▶ **Task description**: Your response is a verbatim copy of the listing, stripped of its images.

▶ **Given data**:
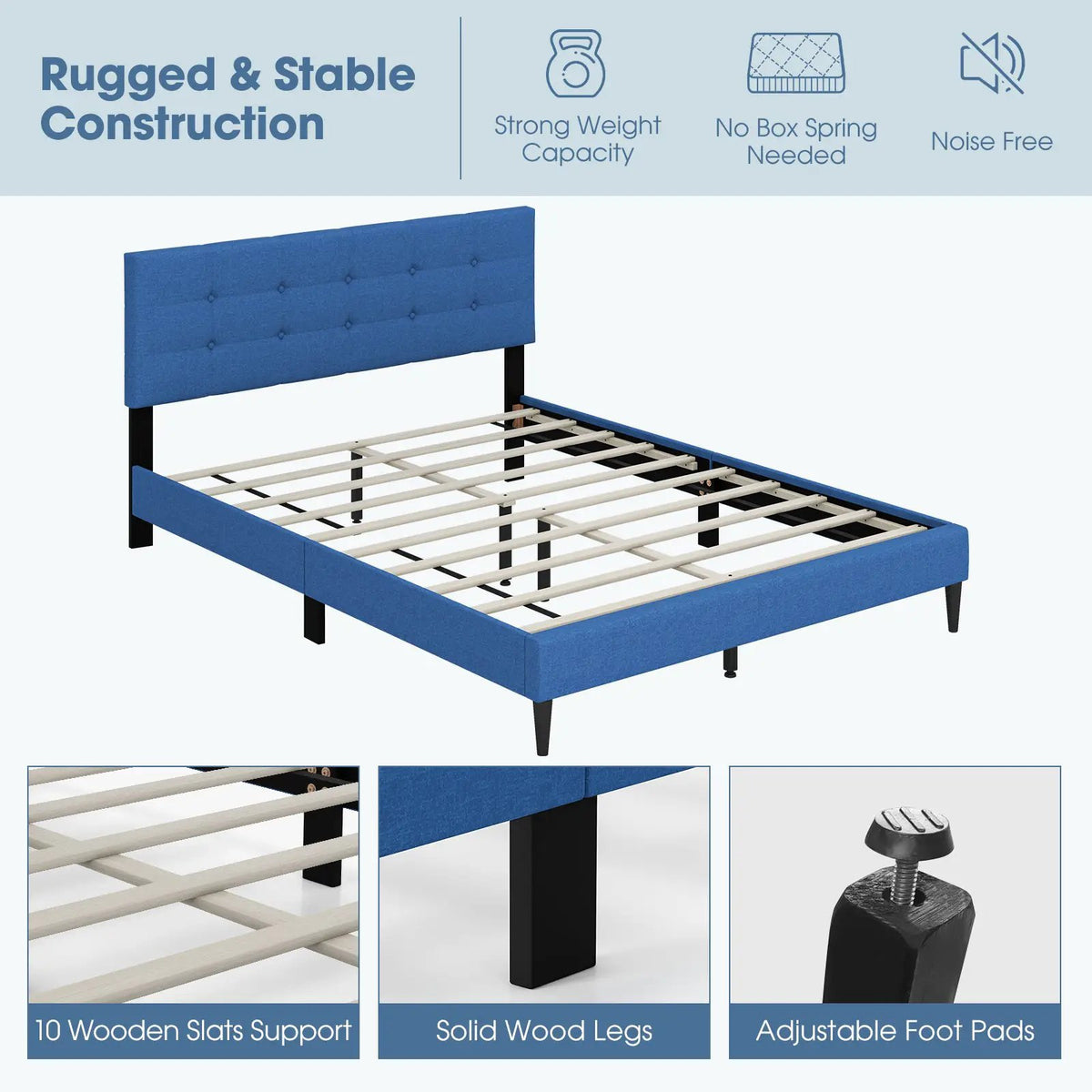 Queen Size Upholstered Platform Bed with Button Tufted Headboard, photo 8 of 9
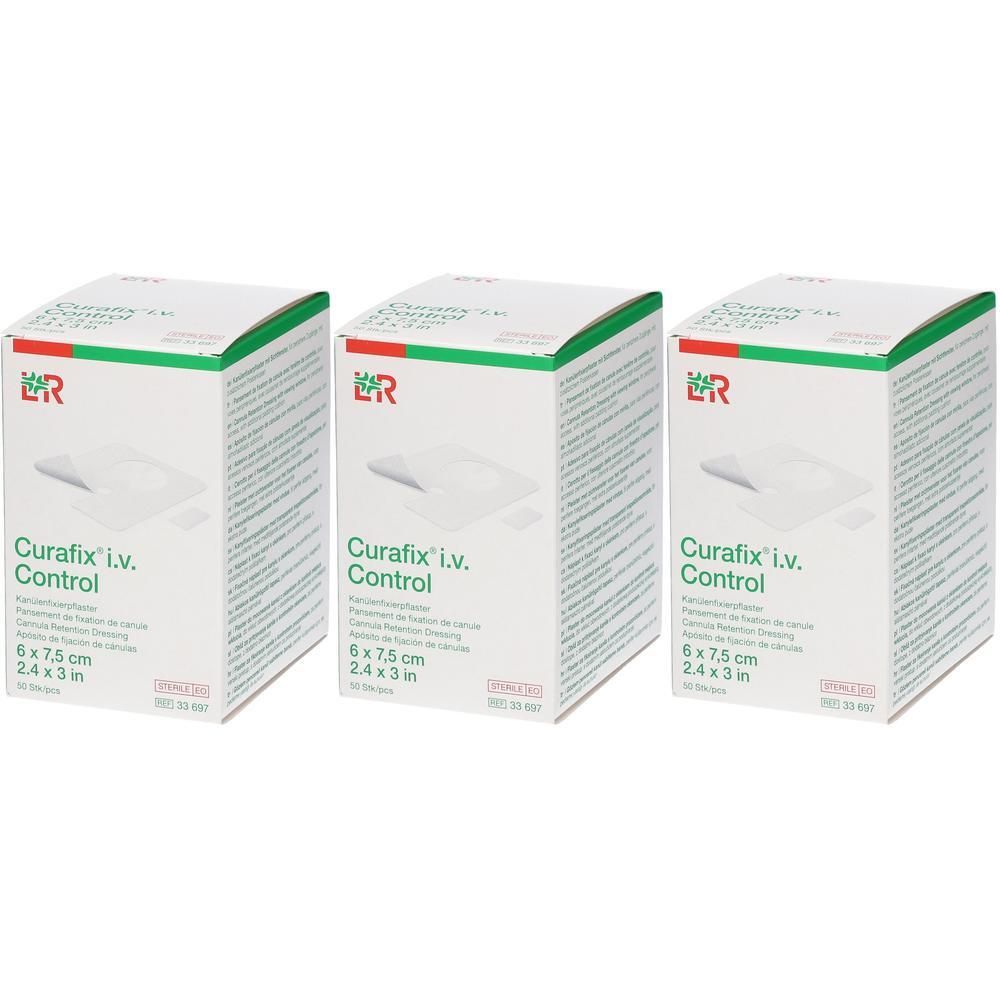 Drie pakken Curafix i.v. Control verband, 6x7,5cm.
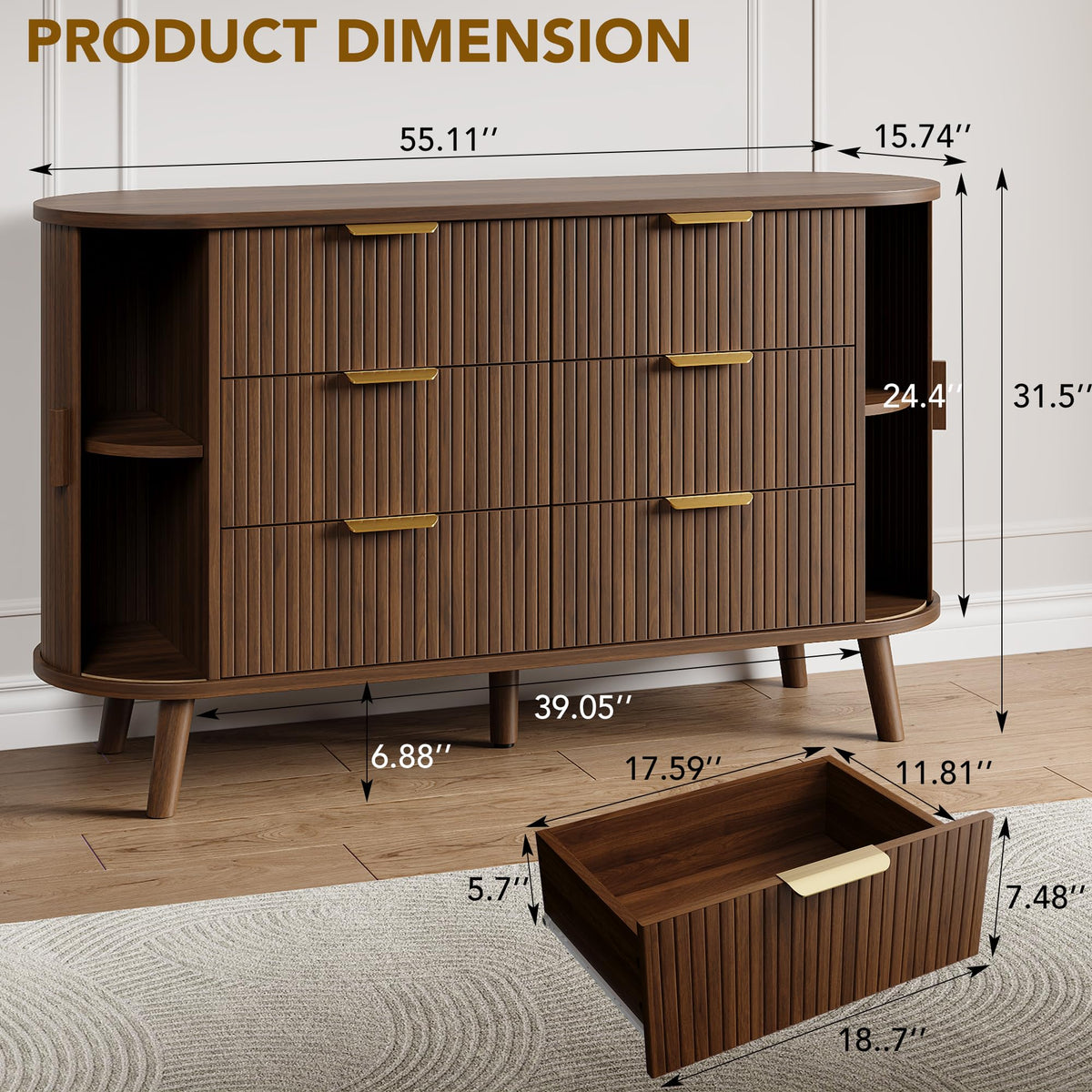 Fluted 6 Drawer Dresser U75245
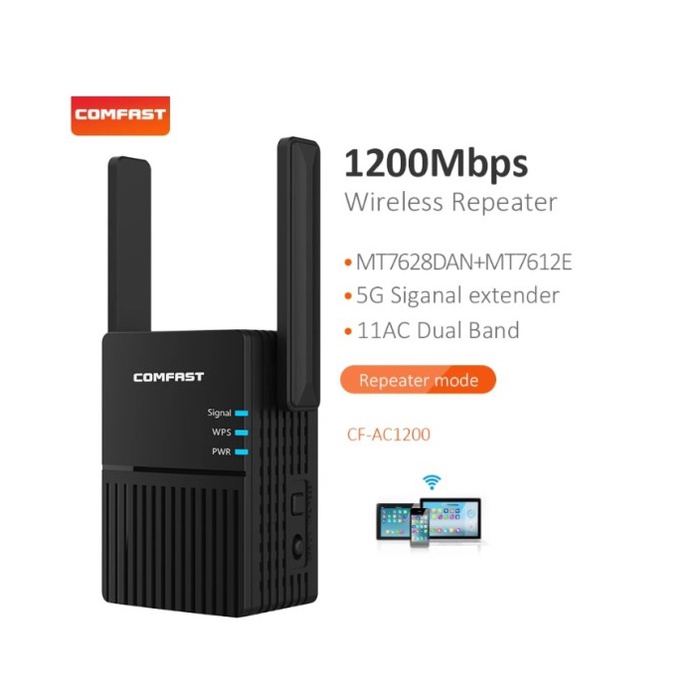 Produk Terbaru Comfast Cf-Ac1200 1200Mbps 5G Extender Wifi Repeater 2.4G & 5Ghz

▶ **Written response**:
 Queen Size Upholstered Platform Bed with Button Tufted Headboard, photo 8 of 9
 Drie pakken Curafix i.v. Control verband, 6x7,5cm.
 Fluted 6 Drawer Dresser U75245
 Produk Terbaru Comfast Cf-Ac1200 1200Mbps 5G Extender Wifi Repeater 2.4G & 5Ghz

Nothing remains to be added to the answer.